“Be Happy, Eat, Drink, Repeat.” These five words constitute the printed slogan of a recycling bag by a well-known take-away franchise coffee shop selling, among other things, beverages and fast food. During the pandemic, one could order these commodities for pick up, to consume at home or on the way to work.
Changes experienced during quarantine have persisted and supervened in everyday life. More than ever, people buy products online using their electronic devices. Mobile and tablet screens have become the extension of their gazes and phones the extensions of their hands. For the youth, videogames and TV replace thinking. Thus life is rendered more robotic.
Accordingly, the political and scientific discourses constitute an unremitting binary that commands, while the abundance of commodities available (e.g. food, hand sanitizers, face masks) concern primarily the oral and anal objects. For example, the mask is taken off in public only when eating or drinking. Thereby we observe that the mouth must be occupied by hook or crook. Moreover, commodities associated with sanitation – some of them promising 99% effectiveness against the virus – are everywhere. The imperative of the capitalist discourse pushes humans to a surplus consumption of these commodities, so that hand sanitizer, for instance, is never enough. It is supposed that with these items the speaking being can maintain bodily health and is therefore protected.
The slogan is addressed to each consumer in the imperative form, as is usually the case in advertising campaigns: “Be happy, eat, drink, repeat”. But why? The aim of the advertisement’s command of jouissance is to boost the speaking being’s superego, to increase both customer consumption and corporate profits. As Lacan puts it, “Nothing forces anyone to enjoy (jouir) except the superego. The superego is the imperative of jouissance – Enjoy!”[1] This command touches upon each speaking being separately, and each enjoys in his own way. However, despite our enjoyment of these objects, there is always a lack of jouissance.

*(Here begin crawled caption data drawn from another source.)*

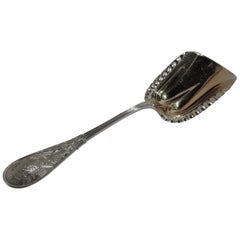 Antique Tiffany Japanese Sterling Silver Berry Scoop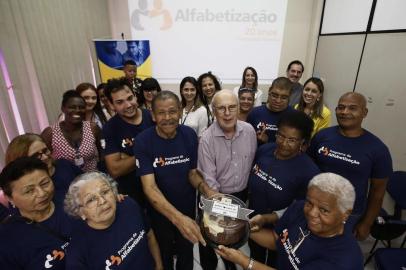  PORTO ALEGRE, RS, BRASIL - 2018.04.18 - Comemoração de 20 anos do programa de Alfabetização do Cieee. (Foto: ANDRÉ ÁVILA/ Agência RBS)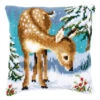 Kreuzstichkissen Mit Winter-Motiven -Heim Schmücken Geschäft kreuzstichkissen mit winter motiven farbe bunt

No matter how many commodities one buys, the lack will always exist and this pushes the consumer to purchase more objects. Isn’t this the aim of the verb “repeat” that we find in the imperative of the slogan? Here we can consider Lacan’s reference to entropy: “only the dimension of entropy gives body to the fact that there is surplus jouissance there to be recovered.”[2] Social entropy tends to advance in the absence of external interference, so when we lose an object we are bound to regain another. This is the reason why the more objects there are around us, the more libidinal drive is produced. We enjoy instantaneously and the pattern is repeated as it becomes the routine of everyday life. This recalls Miller’s remark, “One always downs the same drink, once more”[3]. In 2021, as we seek greater senses of materiality and proximity, one may easily fall into the trap of addiction, that is, into the repetition of jouissance once more.
How might psychoanalysis make a shelter in this discontent of society? We could consider that each speaking being is called to circumscribe his jouissance and create his own law of entropy, working to avoid making so much disorder in his life. After all, the analytic discourse contributes to this, aiming at the iteration of jouissance for the subject articulating his demand. Thus the analytic process might direct the analysand to the displacement of his position towards his drive.
[1] Lacan J., The Seminar of Jacques Lacan, Book XX, Encore, edited by J.-A. Miller, trans. B. Fink, New York & London, Norton, 1999, p. 3.
[2] Lacan J., The Seminar of Jacques Lacan, Book XVII, The Other Side of Psychoanalysis, edited by J.-A. Miller, trans. R. Grigg, New York & London, Norton, 1991, p. 50.